◆ Data for this task ◆
================================
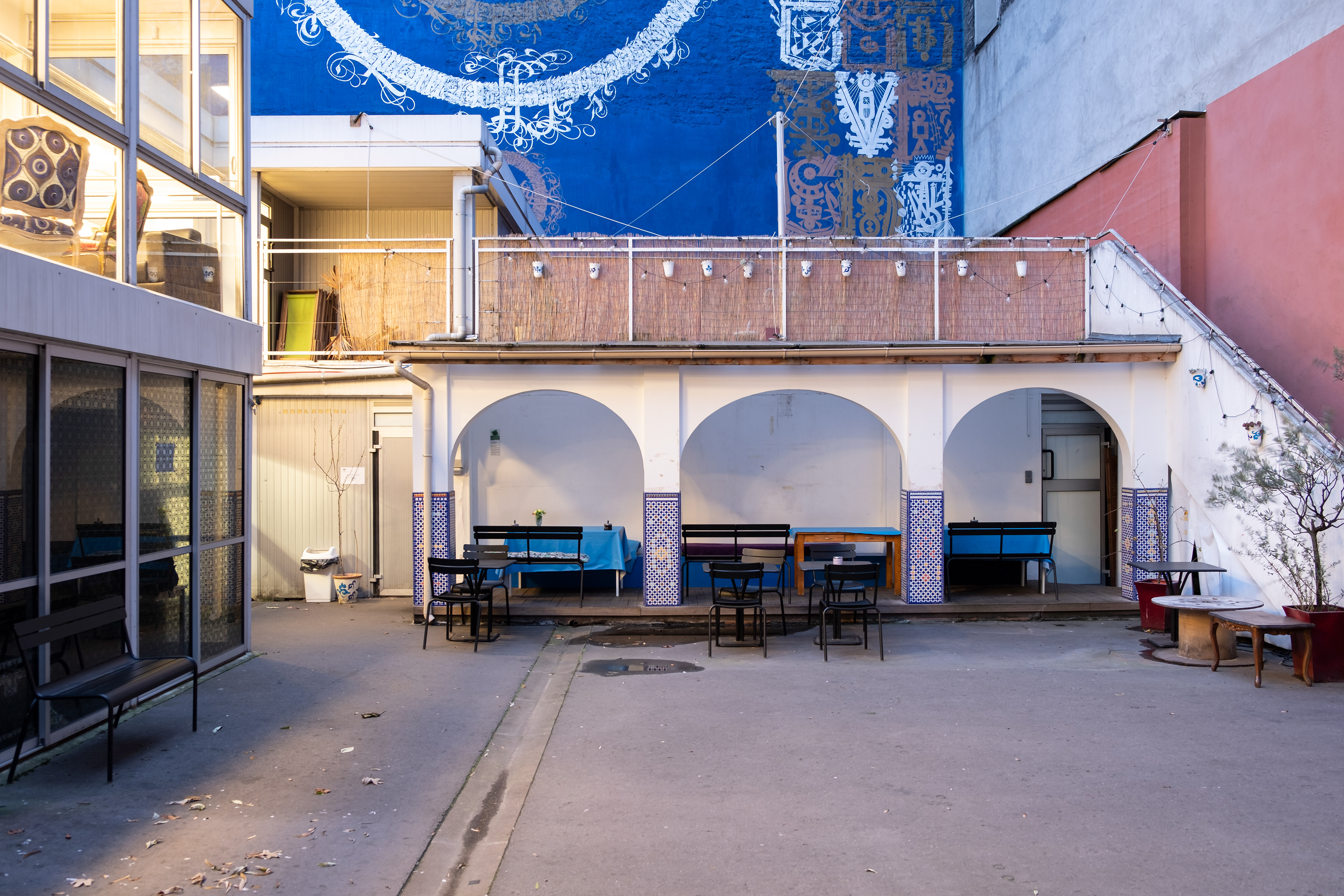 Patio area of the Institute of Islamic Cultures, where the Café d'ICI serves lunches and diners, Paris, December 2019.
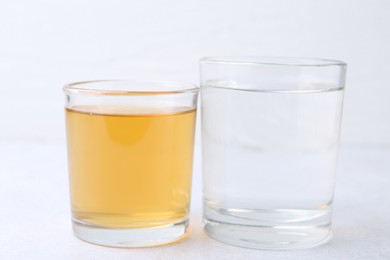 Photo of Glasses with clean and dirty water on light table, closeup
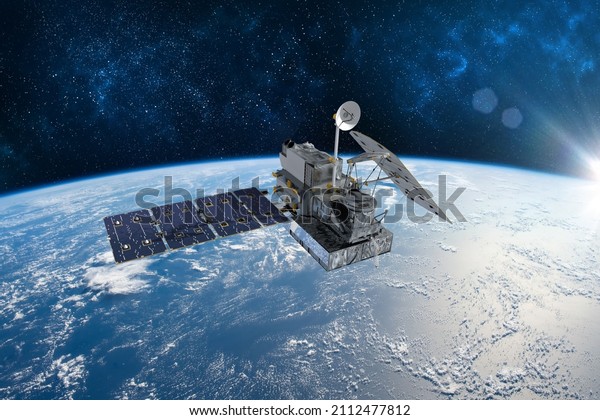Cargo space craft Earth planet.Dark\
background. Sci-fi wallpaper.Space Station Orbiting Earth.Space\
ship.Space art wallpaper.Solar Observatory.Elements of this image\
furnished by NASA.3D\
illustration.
================================
◆ Required work ◆
Check each line of the entries, and copy the ones that contain "wallpaper".

◆ Answer to this task ◆
background. Sci-fi wallpaper.Space Station Orbiting Earth.Space\
ship.Space art wallpaper.Solar Observatory.Elements of this image\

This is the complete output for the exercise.